How to use VCC to verify concurrent programs

Nov 16, 2012 at 12:09 PM
Edited Nov 16, 2012 at 12:12 PM

I want to verify the following program and obtain interleavings that cause the assertion to fail. However, VCC does not only complain about the assertion failure, but also about not thread-local variables.

"D:\Documents\1stRotation\driverConcurrency\examples\ex3-vcc.c(21,12) : error VC8512: Assertion 'IntrMask is thread local (accessing field data)' did not verify.

(and many more of these)

Can you tell how to make VCC infer these things automatically for such small examples and complain only about the assertion failure if it finds an interleaving that leads to it?

Thanks, Thorsten


#include <vcc.h>

int IntrMask;
int intr_mask;
int handled;

void thread1()
    while (IntrMask == 0);

    if (intr_mask == 1) {
        handled = 1;
	_(assert (handled == 1))

void thread2() {
    IntrMask = 1;
    intr_mask = 1;
Nov 20, 2012 at 3:03 PM

Hi Thorsten,

The VCC methodology is based on reducing the verification of concurrent programs to local proof obligations. Unfortunately, this means that all reasoning is local, and that, as far as I know, you have to come up with invariants, even for simple programs (and indeed even for sequential programs) by yourself.

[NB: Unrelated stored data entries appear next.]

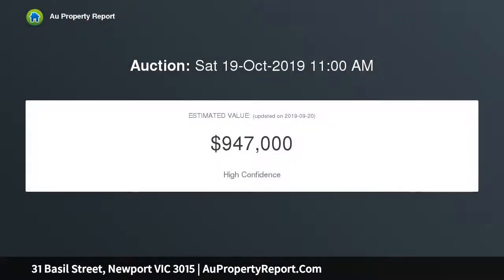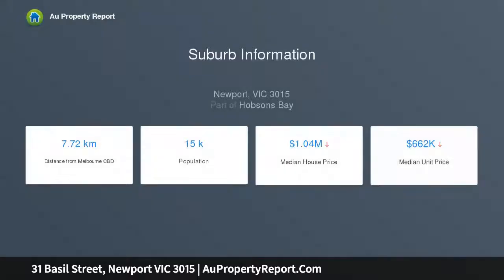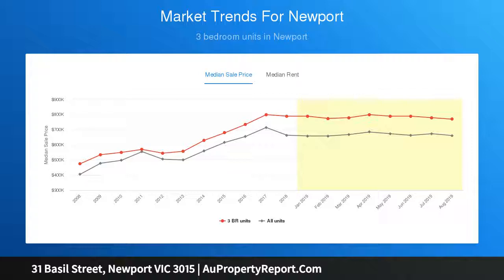Presented as new, the home is moments from cafes, restaurants and city-bound transport. Both open-plan living highlights Caesarstone top benches with stainless steel appliances and blonde timber-toned flooring, as it opens to outdoor living and an attractive backyard. With a formal lounge at the front and another living room retreat upstairs, the home offers plenty of living spaces.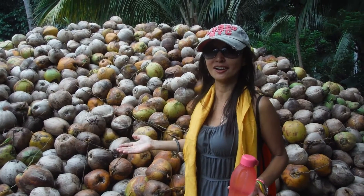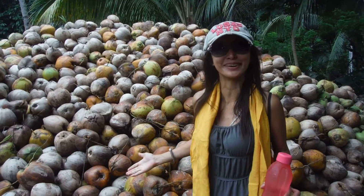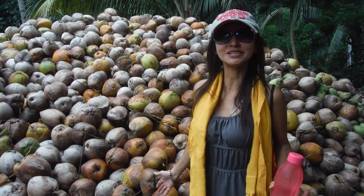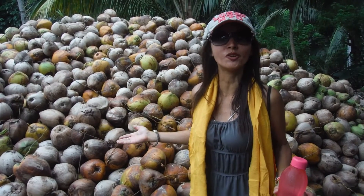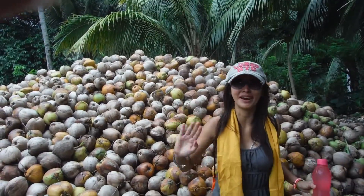Okay guys, that's all. They will sell this per kilo. The Chinese people are doing good business here in Philippines. So try to visit Philippines guys and enjoy our coconut juice, fresh one. With Richie. See you all. Bye-bye.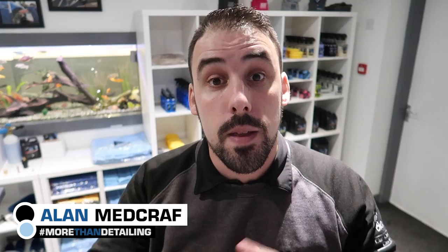Hey there guys, I'm Alan and welcome to EM Details. We bring you car care and detailing videos every week. Subscribe and make sure you smash the bell so you get a notification every time we drop a video.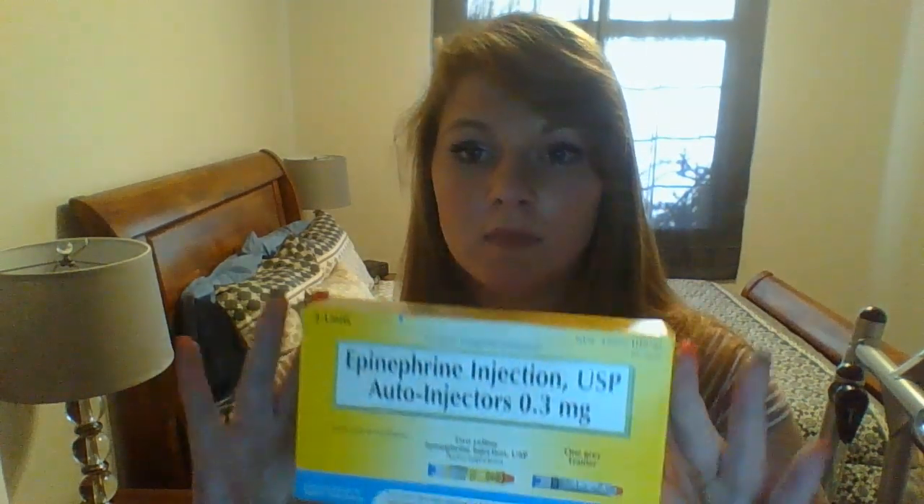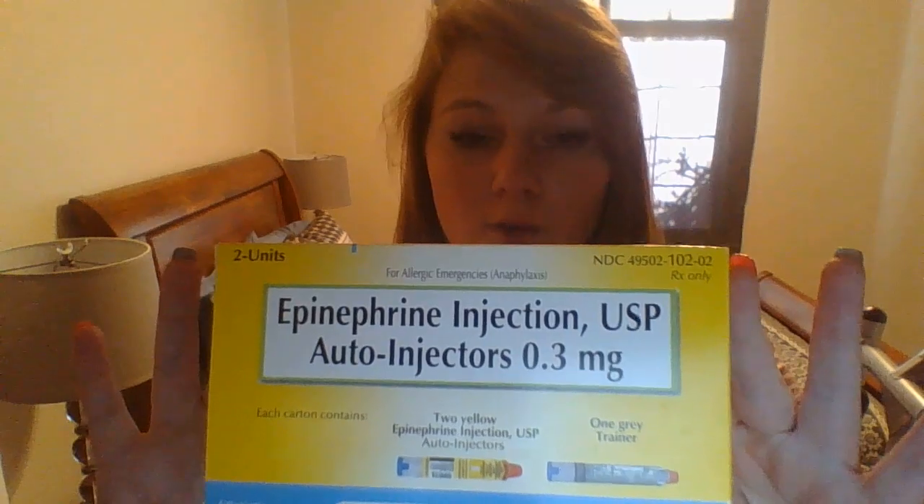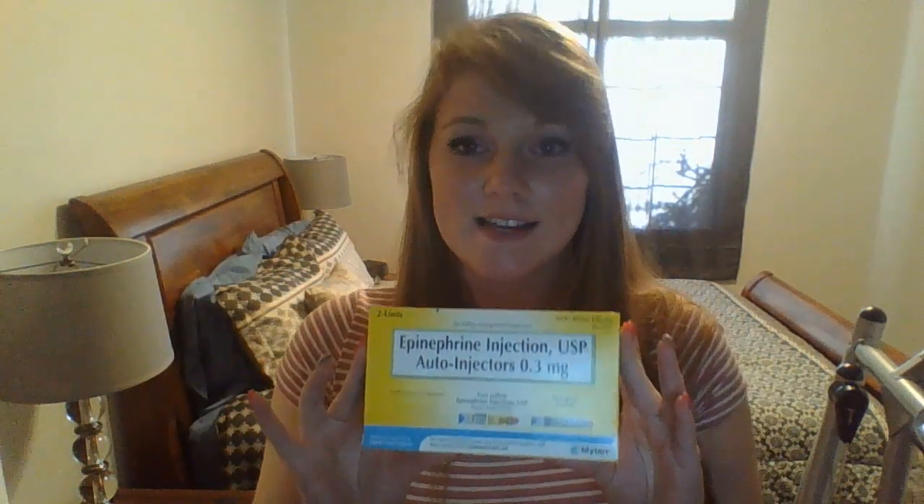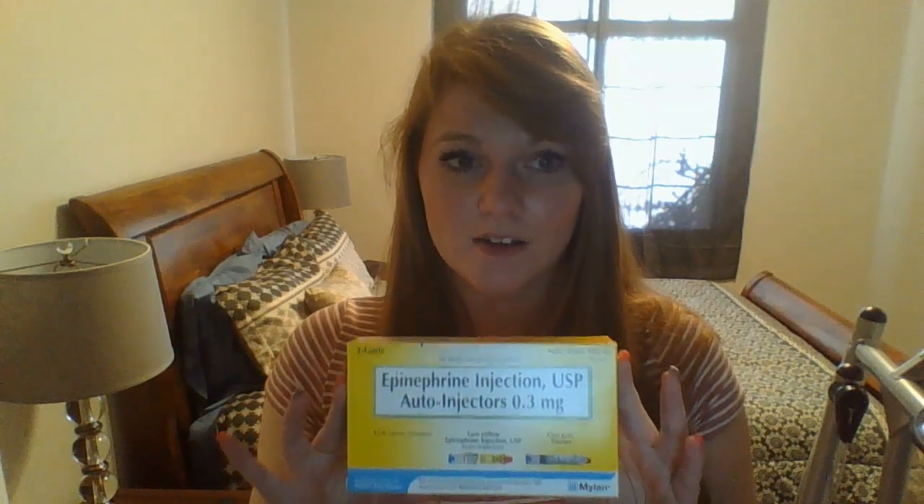Once you become aware of someone around you experiencing anaphylaxis, your first reaction should be to immediately reach for an EpiPen. Most people who are aware of their allergens will always have an EpiPen on them. As of 2019, this is the most distributed form of an EpiPen. Using an EpiPen is easy and essential knowledge for all people who have a friend or relative who has severe allergic reactions.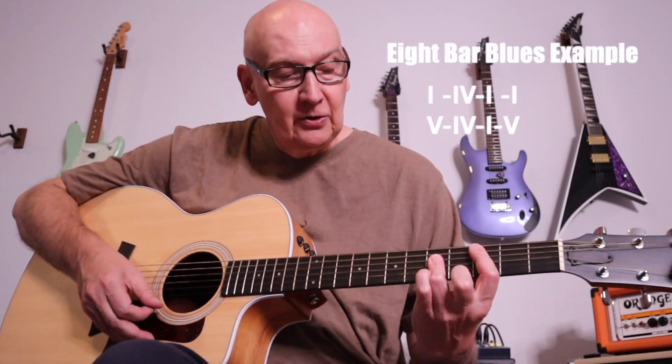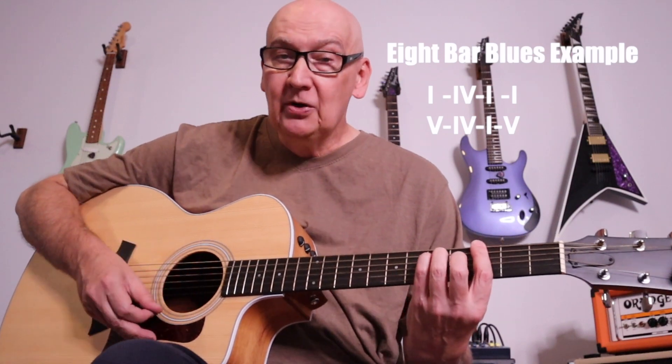One of the interesting things about the blues is it likes to break the rules, especially chord function rules. If you think of an eight-bar blues as an example, what we're really playing is a one chord, then a four chord, back to a one chord.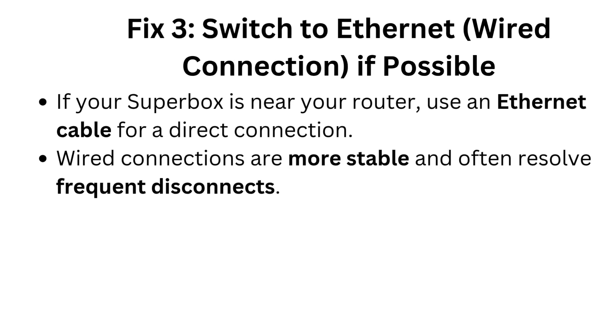Fix 3: Switch to Ethernet wired connection. If possible, if your Superbox is near your router, use an Ethernet cable for a direct connection. Wired connections are more stable and often resolve frequent disconnects.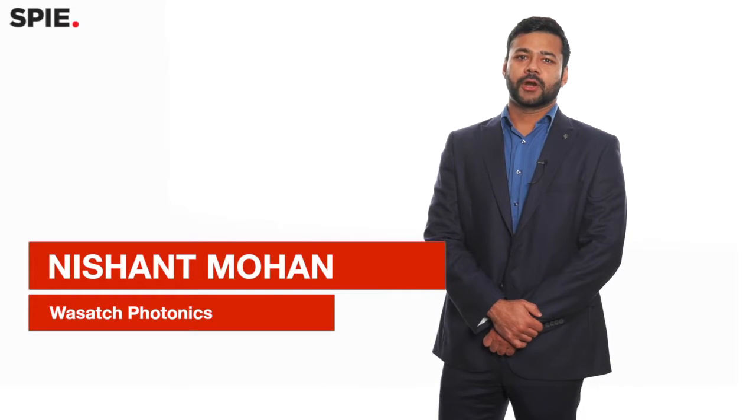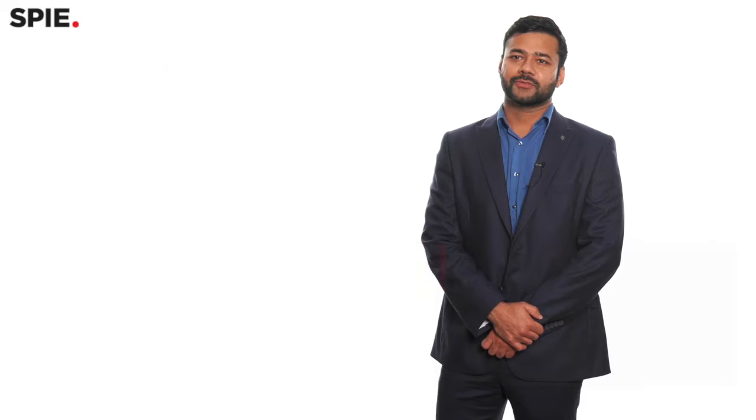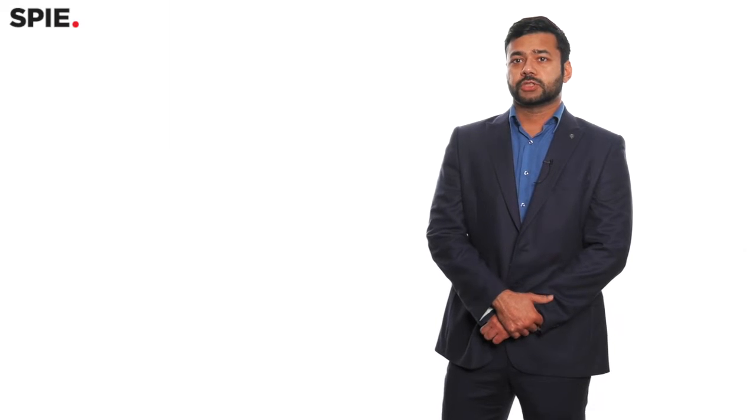My name is Nishant Mohan, I work for Wasatch Photonics. I do product management for the company, especially in the field of optical coherence tomography. Wasatch had the proprietary technology for building optical gratings that were initially used in development of OCT, and a lot of people would say that they actually enabled spectral domain OCT technology. Then Wasatch moved up the value chain building OCT spectrometers as well as full OCT systems.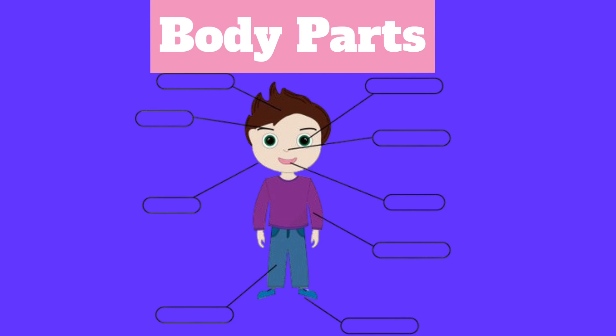Hello kids! In this video, we will learn parts of the body. Are you ready kids? So let's start!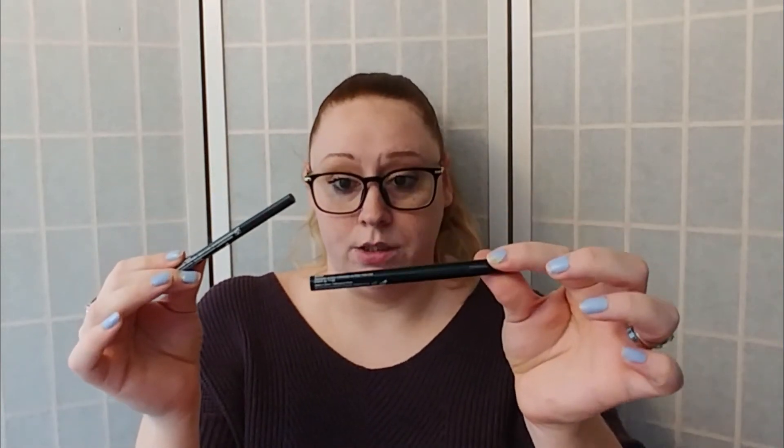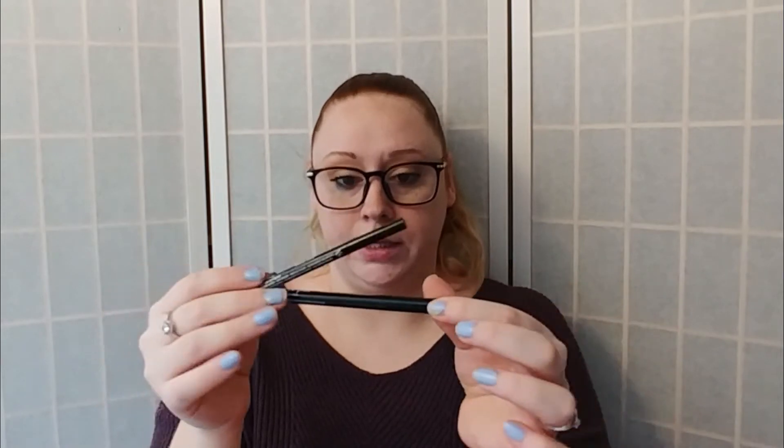The next thing I got was the NYX Epic Ink Liner. I thought it was pretty cool. The one I usually use is the NYX That's The Point Professional liner. This Epic Ink Liner is a lot smaller than what I usually use, so I'm excited to try it.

In particular, VCC never assumes that it was given the entire program, simply assuming that the (unknown) rest of the program fulfills the invariants it currently knows about. This means that, given the code shown above, VCC will simply assume that there is somewhere else a third thread that wreaks the worst possible havoc in your shared variables.

As far as I know, there is currently no tool, either inside VCC or outside, that analyzes a concurrent program, under the assumption that the whole program is given, and automatically infers local invariants as considered by VCC. In fact, I'm not sure there is an easy systematic way of turning rely/guarantee-style concurrent specs into VCC invariants.


Nov 20, 2012 at 3:08 PM

Hi Francois,

Thanks for your explanation.

As a matter of fact I found a tool that does exactly what we need: Poirot ( It seems to work on the small examples we fed it so far.